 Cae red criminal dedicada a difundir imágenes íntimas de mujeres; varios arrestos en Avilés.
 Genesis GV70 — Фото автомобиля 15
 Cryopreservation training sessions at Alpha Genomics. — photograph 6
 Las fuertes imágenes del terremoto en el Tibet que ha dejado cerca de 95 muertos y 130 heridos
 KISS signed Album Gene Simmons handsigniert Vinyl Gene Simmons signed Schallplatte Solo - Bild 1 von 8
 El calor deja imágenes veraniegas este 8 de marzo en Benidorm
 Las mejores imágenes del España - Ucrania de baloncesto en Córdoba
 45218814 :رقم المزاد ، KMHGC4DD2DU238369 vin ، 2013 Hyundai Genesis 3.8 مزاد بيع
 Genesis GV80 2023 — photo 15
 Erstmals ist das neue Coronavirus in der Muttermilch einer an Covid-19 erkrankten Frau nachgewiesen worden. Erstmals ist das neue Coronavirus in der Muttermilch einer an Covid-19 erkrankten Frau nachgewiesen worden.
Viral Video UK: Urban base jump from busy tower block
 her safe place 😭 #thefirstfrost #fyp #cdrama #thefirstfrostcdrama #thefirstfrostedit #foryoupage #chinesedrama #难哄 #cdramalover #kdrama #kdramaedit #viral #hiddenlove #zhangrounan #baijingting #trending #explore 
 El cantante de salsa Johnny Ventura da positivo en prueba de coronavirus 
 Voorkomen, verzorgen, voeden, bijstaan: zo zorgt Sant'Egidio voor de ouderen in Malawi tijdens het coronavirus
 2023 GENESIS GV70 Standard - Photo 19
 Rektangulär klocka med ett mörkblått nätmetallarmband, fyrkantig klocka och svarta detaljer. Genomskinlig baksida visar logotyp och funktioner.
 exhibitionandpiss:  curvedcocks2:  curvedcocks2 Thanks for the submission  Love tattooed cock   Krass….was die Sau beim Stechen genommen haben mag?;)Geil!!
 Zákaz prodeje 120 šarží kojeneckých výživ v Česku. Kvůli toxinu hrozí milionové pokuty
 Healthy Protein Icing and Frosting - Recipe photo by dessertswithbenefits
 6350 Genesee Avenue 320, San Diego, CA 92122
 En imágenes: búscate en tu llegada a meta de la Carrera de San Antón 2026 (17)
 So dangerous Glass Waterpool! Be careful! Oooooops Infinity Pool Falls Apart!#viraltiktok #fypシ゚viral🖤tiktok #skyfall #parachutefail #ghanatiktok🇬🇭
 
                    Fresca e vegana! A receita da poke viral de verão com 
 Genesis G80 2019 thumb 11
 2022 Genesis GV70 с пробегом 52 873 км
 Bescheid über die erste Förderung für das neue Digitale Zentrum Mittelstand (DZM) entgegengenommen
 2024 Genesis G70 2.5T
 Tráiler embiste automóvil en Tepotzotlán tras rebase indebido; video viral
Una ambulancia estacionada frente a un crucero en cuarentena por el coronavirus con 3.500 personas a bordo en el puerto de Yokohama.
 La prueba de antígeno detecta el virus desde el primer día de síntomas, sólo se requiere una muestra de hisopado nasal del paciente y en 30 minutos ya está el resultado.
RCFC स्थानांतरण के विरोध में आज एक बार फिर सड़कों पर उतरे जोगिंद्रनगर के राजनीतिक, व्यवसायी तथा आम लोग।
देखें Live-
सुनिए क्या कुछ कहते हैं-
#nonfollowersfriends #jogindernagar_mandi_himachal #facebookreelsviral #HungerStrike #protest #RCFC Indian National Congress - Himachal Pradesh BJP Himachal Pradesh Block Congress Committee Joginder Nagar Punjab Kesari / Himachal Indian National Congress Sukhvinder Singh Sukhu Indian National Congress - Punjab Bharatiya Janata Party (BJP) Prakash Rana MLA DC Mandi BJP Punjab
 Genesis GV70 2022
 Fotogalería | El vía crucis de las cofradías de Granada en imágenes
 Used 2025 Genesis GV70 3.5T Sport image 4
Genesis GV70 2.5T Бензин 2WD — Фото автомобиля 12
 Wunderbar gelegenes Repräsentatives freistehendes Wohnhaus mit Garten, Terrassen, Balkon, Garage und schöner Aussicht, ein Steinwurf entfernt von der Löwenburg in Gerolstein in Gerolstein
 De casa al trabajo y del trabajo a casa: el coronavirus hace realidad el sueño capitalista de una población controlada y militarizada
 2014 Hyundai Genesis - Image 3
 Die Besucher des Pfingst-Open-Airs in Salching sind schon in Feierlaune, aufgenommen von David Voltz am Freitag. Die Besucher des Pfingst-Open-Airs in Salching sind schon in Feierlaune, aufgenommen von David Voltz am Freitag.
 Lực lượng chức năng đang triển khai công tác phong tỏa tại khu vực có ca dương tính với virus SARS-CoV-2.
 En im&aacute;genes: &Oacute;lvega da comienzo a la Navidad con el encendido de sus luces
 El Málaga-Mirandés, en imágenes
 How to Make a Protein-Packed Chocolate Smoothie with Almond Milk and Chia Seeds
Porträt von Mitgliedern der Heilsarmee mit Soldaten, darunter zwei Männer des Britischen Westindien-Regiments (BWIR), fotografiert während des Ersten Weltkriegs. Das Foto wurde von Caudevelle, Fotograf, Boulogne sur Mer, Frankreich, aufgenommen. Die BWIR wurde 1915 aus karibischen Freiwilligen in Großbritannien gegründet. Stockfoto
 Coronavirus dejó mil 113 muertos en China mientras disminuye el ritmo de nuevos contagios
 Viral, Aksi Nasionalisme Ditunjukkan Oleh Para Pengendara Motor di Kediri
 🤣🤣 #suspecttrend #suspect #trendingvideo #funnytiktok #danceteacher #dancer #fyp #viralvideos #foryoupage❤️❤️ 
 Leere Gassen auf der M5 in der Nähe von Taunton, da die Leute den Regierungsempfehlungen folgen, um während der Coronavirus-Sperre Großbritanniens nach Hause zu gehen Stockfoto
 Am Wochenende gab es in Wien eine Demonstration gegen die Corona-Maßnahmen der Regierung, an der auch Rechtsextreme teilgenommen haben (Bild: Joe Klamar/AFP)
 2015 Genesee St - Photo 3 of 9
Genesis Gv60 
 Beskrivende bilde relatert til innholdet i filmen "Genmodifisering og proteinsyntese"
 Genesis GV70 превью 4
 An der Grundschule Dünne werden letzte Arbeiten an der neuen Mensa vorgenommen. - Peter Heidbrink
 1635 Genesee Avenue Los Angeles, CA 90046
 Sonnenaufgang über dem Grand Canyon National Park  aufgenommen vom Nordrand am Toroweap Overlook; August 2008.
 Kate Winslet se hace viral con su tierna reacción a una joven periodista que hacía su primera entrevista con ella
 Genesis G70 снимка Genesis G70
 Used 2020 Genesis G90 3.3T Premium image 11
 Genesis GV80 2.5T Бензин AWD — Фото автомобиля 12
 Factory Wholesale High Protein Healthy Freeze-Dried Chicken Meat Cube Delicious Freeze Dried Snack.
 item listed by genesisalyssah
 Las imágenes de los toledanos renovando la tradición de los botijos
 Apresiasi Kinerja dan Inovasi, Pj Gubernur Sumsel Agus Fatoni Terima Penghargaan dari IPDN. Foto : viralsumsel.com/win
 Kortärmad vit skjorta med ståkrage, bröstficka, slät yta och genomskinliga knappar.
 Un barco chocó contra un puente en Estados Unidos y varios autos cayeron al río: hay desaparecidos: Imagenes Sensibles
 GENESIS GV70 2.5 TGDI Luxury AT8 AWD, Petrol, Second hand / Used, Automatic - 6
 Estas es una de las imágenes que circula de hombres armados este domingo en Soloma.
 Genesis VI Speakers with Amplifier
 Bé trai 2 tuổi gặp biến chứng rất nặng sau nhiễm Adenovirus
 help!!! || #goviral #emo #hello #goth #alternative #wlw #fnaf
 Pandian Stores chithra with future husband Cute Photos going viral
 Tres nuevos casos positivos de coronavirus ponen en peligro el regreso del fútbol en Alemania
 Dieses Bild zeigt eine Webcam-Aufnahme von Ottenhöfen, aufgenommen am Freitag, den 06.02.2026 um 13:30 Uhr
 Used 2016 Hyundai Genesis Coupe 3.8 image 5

+ + + +

How to complete this task
The stretch of entries above that starts with the line containing "6350 Genesee Avenue 320, San Diego, CA 92122" and goes on through the line containing "So dangerous Glass" is to be transcribed exactly, and no other line is to be transcribed.

Output below
 6350 Genesee Avenue 320, San Diego, CA 92122
 En imágenes: búscate en tu llegada a meta de la Carrera de San Antón 2026 (17)
 So dangerous Glass Waterpool! Be careful! Oooooops Infinity Pool Falls Apart!#viraltiktok #fypシ゚viral🖤tiktok #skyfall #parachutefail #ghanatiktok🇬🇭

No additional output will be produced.